No matter what projects you’re trying to tackle, it makes sense to invest in those resources and tools that can deliver the highest ROI. If you’re a carpenter, for example, having the “right” hammer is essential.
But sometimes, there are smaller, less obvious improvements that can deliver huge dividends. These changes aren’t necessarily required for the job at hand – but their impact is no less profound.
Let’s take a look.
How a Tiny Change Made Life Easier for One of Our Software Testers
One of our Testuff employees had spent years working from a laptop. And then one day, his manager gave him a wireless keyboard and mouse.
This action was totally unprompted. In fact, the employee had never indicated a need for such peripherals.
It was a completely random gift.
And yet, the reaction was amazing.
Within just one week, that employee began reporting significant increases in productivity and efficiency. He was able to type faster, navigate more easily, and work more comfortably.
The difference was remarkable.
What this mini case study illustrates is that testers – or any employees for that matter – work with whatever tools they’re given. They make do with what they have. And a thoughtful manager might consider providing his or her employees with newer computers, better software programs, or faster Wi-Fi connections.
These are all obvious improvements.
But who would ever think of “gifting” a Bluetooth keyboard and mouse to boost productivity?
And yet, this one small gift made a huge difference in total output.
Even better was the goodwill that this kind act generated.
Anyone can appreciate faster Internet. And the excitement lasts for a few days (sometimes a few weeks). But that one employee will forever remember the time his supervisor took his personal comfort into consideration.
You can put a number on increased productivity.
Increased job satisfaction, however, is truly priceless.
Other Ways to Make Your Software Teams (and Users) Feel Appreciated
In the above example, all it took was a wireless keyboard and mouse to transform this employee’s professional life. But there are countless other ways to show your appreciation – from ergonomic chairs to RSI keyboards to dual monitor workspaces. Each one of these modest investments can make your team members feel like family – instead of employees.
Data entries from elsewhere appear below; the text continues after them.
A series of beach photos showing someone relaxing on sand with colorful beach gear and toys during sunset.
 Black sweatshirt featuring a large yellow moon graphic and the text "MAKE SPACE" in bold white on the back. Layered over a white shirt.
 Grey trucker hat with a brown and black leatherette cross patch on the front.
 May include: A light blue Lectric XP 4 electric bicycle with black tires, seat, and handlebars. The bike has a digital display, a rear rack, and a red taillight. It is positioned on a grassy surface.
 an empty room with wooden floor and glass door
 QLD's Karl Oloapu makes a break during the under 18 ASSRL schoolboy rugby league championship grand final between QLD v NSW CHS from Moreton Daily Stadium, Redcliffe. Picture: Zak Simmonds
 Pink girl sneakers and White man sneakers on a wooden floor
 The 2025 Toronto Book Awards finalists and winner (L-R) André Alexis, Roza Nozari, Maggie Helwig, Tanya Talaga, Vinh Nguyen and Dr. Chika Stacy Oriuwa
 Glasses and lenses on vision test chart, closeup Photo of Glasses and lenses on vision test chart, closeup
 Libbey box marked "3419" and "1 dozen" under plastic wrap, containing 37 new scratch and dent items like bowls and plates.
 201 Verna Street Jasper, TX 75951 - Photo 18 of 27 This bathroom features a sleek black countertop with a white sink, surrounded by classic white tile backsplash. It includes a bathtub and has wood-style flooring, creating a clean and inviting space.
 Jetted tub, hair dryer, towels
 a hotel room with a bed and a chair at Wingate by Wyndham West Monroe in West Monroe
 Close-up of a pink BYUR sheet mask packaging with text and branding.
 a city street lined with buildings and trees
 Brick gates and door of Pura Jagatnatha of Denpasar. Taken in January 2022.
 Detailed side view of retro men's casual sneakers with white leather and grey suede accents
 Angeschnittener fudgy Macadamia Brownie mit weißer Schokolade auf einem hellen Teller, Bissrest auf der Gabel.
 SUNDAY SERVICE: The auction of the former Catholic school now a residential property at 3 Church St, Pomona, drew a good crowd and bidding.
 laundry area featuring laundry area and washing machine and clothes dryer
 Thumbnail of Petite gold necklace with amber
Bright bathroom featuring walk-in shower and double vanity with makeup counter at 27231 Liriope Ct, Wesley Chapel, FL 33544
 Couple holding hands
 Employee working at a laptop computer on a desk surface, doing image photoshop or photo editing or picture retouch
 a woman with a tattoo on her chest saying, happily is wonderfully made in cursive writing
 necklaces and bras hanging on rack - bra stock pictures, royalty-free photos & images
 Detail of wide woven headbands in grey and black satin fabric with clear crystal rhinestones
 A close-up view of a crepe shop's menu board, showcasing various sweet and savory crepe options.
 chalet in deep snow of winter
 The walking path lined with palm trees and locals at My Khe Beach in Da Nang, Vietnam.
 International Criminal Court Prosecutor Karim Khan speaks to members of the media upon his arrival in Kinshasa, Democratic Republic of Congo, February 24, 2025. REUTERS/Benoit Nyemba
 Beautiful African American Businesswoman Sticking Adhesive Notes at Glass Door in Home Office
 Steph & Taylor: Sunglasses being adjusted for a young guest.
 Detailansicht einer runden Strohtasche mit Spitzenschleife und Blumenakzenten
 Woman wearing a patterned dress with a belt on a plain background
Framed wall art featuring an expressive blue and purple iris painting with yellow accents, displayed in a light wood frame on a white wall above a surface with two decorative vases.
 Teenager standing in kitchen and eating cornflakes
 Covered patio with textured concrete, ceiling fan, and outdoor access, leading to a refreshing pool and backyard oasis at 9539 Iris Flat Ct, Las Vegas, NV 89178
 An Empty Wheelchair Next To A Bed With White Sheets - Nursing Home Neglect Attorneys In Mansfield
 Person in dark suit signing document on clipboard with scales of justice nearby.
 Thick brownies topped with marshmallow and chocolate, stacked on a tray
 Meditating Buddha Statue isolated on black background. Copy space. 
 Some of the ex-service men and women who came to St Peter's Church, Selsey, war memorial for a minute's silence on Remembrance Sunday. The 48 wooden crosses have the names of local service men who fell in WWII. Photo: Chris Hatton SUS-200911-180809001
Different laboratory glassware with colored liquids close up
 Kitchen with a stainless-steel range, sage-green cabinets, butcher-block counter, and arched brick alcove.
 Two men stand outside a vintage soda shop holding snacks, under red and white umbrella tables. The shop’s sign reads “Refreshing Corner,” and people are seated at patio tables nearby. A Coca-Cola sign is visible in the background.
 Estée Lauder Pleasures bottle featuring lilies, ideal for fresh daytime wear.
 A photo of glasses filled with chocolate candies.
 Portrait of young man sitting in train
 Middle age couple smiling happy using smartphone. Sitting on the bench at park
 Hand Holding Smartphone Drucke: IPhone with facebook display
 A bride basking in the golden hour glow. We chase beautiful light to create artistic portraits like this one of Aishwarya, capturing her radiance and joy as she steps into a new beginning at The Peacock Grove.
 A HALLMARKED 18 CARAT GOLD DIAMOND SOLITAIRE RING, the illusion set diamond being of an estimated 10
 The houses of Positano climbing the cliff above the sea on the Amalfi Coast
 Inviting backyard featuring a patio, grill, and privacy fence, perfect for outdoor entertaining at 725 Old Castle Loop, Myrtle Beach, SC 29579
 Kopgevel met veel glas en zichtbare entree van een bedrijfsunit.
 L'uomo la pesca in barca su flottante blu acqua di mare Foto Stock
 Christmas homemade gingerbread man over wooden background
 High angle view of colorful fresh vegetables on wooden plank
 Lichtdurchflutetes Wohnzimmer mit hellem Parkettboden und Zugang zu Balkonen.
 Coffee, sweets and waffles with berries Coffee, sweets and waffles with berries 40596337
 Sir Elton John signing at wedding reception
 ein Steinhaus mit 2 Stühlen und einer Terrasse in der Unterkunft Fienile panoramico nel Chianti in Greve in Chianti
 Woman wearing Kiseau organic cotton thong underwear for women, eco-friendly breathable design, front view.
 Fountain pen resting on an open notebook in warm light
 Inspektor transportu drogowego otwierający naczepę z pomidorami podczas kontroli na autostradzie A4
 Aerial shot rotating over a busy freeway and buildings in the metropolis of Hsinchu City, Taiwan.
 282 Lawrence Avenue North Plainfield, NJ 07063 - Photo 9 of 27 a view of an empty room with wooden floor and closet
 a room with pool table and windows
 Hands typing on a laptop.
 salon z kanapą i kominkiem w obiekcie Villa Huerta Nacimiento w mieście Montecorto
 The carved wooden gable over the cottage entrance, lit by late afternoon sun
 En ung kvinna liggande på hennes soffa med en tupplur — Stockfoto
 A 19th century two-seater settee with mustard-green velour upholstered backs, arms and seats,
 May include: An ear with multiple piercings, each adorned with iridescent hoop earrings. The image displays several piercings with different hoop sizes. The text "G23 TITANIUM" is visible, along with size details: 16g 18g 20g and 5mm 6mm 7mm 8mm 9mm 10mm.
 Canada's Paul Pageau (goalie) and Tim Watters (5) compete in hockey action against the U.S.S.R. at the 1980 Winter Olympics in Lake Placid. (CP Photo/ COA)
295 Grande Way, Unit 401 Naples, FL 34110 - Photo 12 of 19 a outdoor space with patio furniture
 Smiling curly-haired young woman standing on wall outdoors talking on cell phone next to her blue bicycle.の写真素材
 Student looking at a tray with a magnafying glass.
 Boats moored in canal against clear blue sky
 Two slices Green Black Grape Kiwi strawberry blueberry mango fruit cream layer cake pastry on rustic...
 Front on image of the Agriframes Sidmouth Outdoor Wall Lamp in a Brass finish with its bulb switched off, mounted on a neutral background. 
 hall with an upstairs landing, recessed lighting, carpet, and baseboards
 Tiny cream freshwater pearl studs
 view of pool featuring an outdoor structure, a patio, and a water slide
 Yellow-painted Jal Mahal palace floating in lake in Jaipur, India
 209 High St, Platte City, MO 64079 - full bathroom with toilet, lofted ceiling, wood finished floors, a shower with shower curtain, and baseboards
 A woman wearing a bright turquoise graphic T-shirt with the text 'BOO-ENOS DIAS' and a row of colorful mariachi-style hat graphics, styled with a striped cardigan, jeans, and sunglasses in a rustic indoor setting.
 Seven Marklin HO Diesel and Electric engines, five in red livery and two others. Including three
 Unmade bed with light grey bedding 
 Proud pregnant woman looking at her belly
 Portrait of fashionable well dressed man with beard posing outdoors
And this strategy isn’t limited to your own teams.
You can also extend this philosophy to end users.
Everyone appreciates new bells & whistles – even when such features are developed for mass consumption.
But sometimes, it’s the small, personal “perks” that create lifelong customers:
- The chocolate mint on the hotel pillow.
- The “thank you” cards sent to beta testers.
- Special discounts for long-term customers.
These are all very small gestures – and they’re inexpensive to implement. But because of their personal touch, the impact of these random acts of kindness can run very deep.
Moreover, they’re impossible to forget – even after many years have passed.
So, if you’re currently trying to:
- Build an entirely new team from scratch….
- Boost the morale of an existing team….
- Impress your users with a new launch….
Then you should spend a few minutes thinking about how you can make their respective lives a little bit easier. Give them a genuine reason to be thankful. And ideally, whatever gesture you use should be as personal and as unique as possible.
You don’t need to hit it out of the park every single time. And you don’t need to implement this strategy all at once.
If you invest just 10 minutes every month thinking about the comfort of your employees, end users, or vendors, the returns will be absolutely worth it.
Have you ever been touched by a random act of kindness from fellow co-workers?
Have you already implemented the above strategies with your own teams?
If so, please share your experiences down below.
And if you – or any of your team members – live Stateside, we’d like to wish you a Happy American Thanksgiving.